For all of Argentina’s assurances that a round of capital controls announced last week are only temporary, investors are making the opposite bet.
The evidence can be seen in prices for bonds sold by Argentina’s largest oil driller, Pan American Energy, that come due in May. While the government promises the measures that limit dollar access for companies will be over by then, investors aren’t taking any chances. They’ve dumped the notes, pushing prices down to about 94 cents on the dollar from above par.
The rout in one of Argentina’s best-rated corporate credits – a joint venture of BP Plc, the billionaire Bulgheroni family and China’s CNOOC Ltd. – shows just how worried investors are that the government won’t be able to revive an economy bracing for a record contraction this year. While the official plan is to preserve international reserves by limiting access to dollars through March, shops including Amherst Pierpont Securities and Morgan Stanley say that won’t be enough to shore up the supply of greenbacks.
“Investors expect controls to be extended,” said Lorena Reich, an analyst at Lucror Analytics in Buenos Aires. “No company is immune to the controls or the unfavourable regulations imposed by the government.”
Pan American Energy’s press office declined to comment on analyst and investor expectations. A spokesman for the Central Bank said the government and the monetary authority are carrying out a plan that will dispel doubts on the country’s macroeconomic outlook.
The new rule that most concerns bond investors is a requirement that companies owing more than US$1 million a month from now through March will have to push back their obligations or won’t be allowed to buy dollars at the official exchange rate. The restrictions, which officials estimated would apply to US$3.3 billion of debt, sparked a broad selloff in corporate bonds, with notes coming due in the next six months particularly hard hit.
But securities that mature past that time frame weren’t immune, and the US$167 million of Pan American Energy bonds also suffered, pushing yields on the securities to a five-month high of almost 19 percent.

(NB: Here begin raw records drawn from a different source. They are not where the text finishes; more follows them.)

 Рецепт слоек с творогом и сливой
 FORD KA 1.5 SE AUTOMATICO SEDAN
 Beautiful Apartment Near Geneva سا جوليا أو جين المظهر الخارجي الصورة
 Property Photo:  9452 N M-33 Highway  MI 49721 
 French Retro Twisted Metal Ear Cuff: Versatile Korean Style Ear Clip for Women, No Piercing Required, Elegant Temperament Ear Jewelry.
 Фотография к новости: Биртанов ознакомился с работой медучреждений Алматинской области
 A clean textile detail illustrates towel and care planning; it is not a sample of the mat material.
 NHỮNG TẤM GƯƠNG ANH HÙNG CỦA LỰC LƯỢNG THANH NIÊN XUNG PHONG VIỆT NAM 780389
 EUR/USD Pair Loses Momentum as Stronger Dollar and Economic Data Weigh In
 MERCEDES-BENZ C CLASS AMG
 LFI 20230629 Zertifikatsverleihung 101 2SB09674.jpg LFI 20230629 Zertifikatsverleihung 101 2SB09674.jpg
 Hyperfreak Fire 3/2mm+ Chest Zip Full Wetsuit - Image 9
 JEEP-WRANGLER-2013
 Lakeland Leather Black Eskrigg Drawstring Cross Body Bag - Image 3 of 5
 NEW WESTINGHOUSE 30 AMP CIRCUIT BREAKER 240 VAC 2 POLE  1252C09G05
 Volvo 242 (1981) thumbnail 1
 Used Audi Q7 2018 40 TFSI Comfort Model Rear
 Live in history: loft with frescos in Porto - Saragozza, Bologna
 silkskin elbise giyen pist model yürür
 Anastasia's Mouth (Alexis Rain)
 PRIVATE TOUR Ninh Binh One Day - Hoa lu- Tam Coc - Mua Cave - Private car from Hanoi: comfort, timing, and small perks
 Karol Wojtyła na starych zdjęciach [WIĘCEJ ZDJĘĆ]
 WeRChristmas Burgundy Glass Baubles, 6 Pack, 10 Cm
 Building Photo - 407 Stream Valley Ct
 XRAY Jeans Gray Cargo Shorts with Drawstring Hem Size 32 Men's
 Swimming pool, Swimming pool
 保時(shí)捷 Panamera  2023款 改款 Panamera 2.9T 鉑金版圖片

The company should have enough cash to cover the debt’s maturity assuming it can exchange pesos for dollars at the official rate, according to Santiago Barros Moss, a corporate analyst at TPCG. But if further central bank restrictions limit its access, investors could be in trouble, unless Pan American has overseas bank accounts it could tap, Moss says.
In the meantime, speculation remains that the current foreign-exchange restrictions won’t fix the imbalances that have prompted Argentines to seek refuge in the greenback. The economy is forecast to shrink 12 percent this year, and net international reserves have careened to just US$5.5 billion, according to estimates by Portfolio Personal Inversiones.
“The ‘easy’ fix to Argentina’s reserve problem would be to hike interest rates, let the official exchange rate weaken, or curtail dollar demand,” said Ezequiel Fernández, head of corporate fixed income at Balanz Capital Valores in Buenos Aires. “But it’s no easy choice for the government. So the controls on corporate bond amortisations are here to stay for awhile.”